• [Exercise goal]:
Output word for word the lines from the one with "America (Politics and" to the final line of the data, both ends included, but skip the pictures.

[Source records]
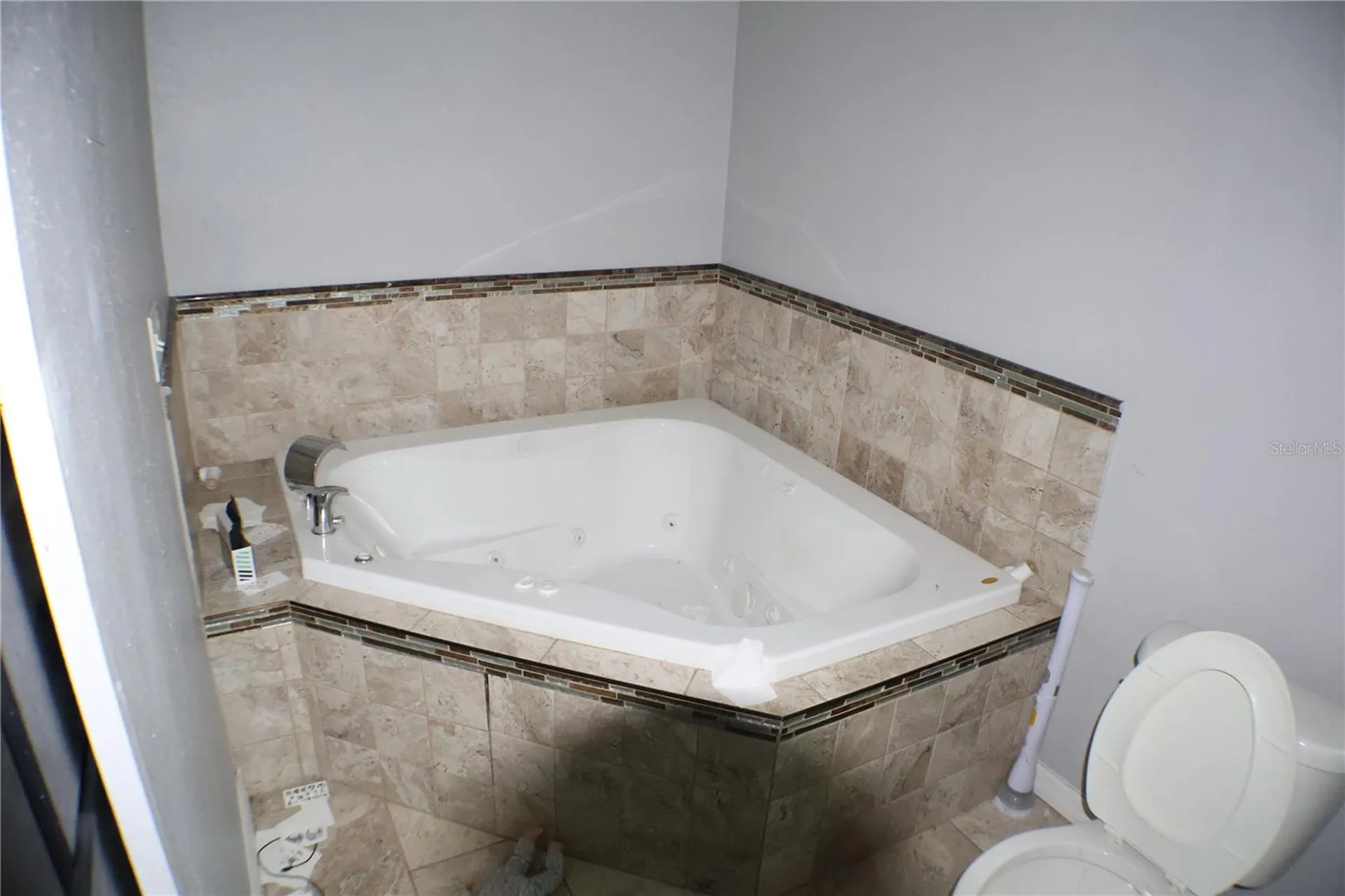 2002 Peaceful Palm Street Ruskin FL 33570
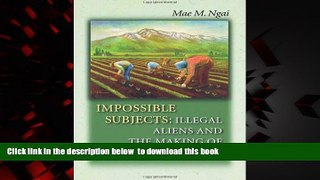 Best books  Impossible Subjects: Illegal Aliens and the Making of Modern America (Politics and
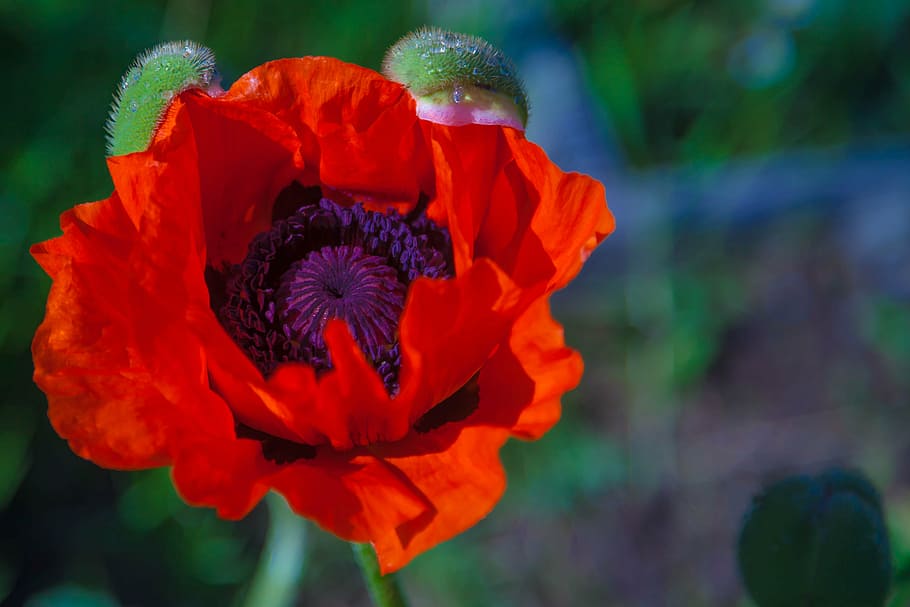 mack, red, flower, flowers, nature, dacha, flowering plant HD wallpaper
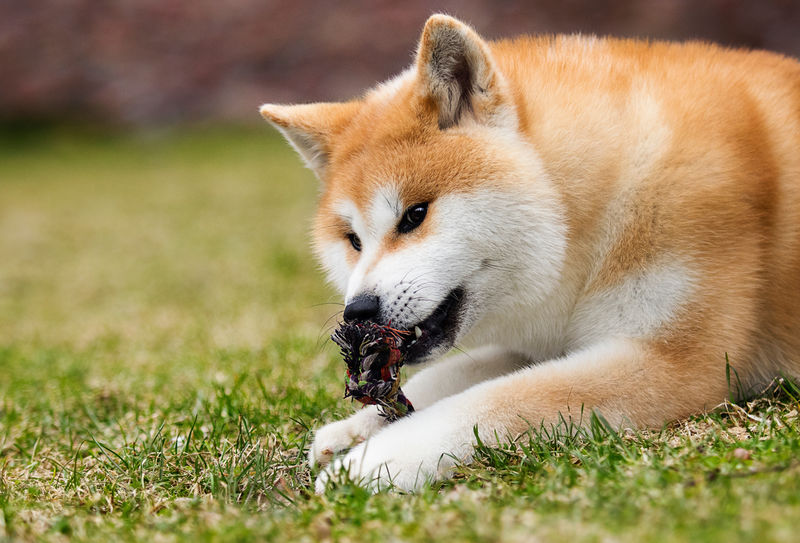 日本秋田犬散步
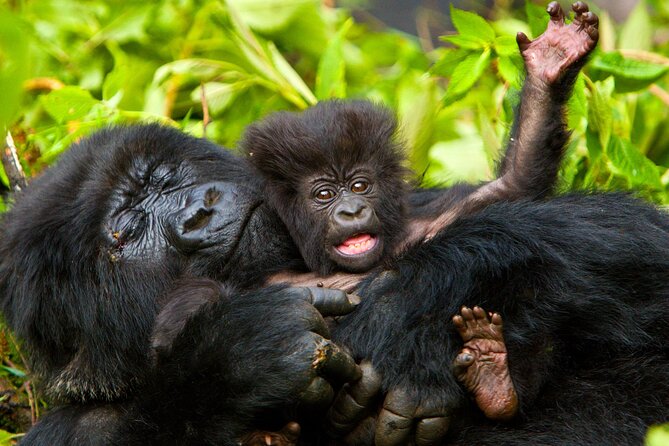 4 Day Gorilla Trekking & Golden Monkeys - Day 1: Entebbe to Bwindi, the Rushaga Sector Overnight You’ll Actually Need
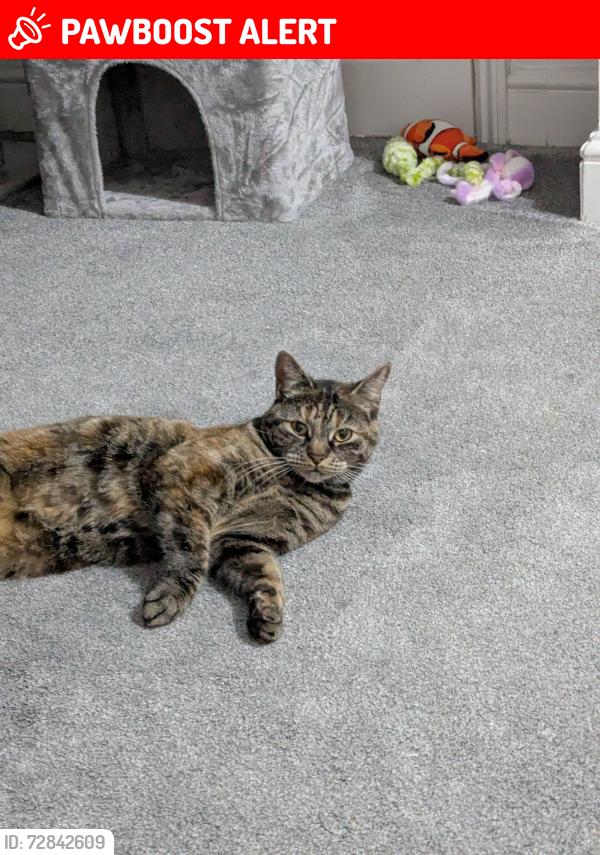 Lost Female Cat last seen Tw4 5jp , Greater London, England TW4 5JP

• [Your solution]:
 Best books  Impossible Subjects: Illegal Aliens and the Making of Modern America (Politics and
 mack, red, flower, flowers, nature, dacha, flowering plant HD wallpaper
 日本秋田犬散步
 4 Day Gorilla Trekking & Golden Monkeys - Day 1: Entebbe to Bwindi, the Rushaga Sector Overnight You’ll Actually Need
 Lost Female Cat last seen Tw4 5jp , Greater London, England TW4 5JP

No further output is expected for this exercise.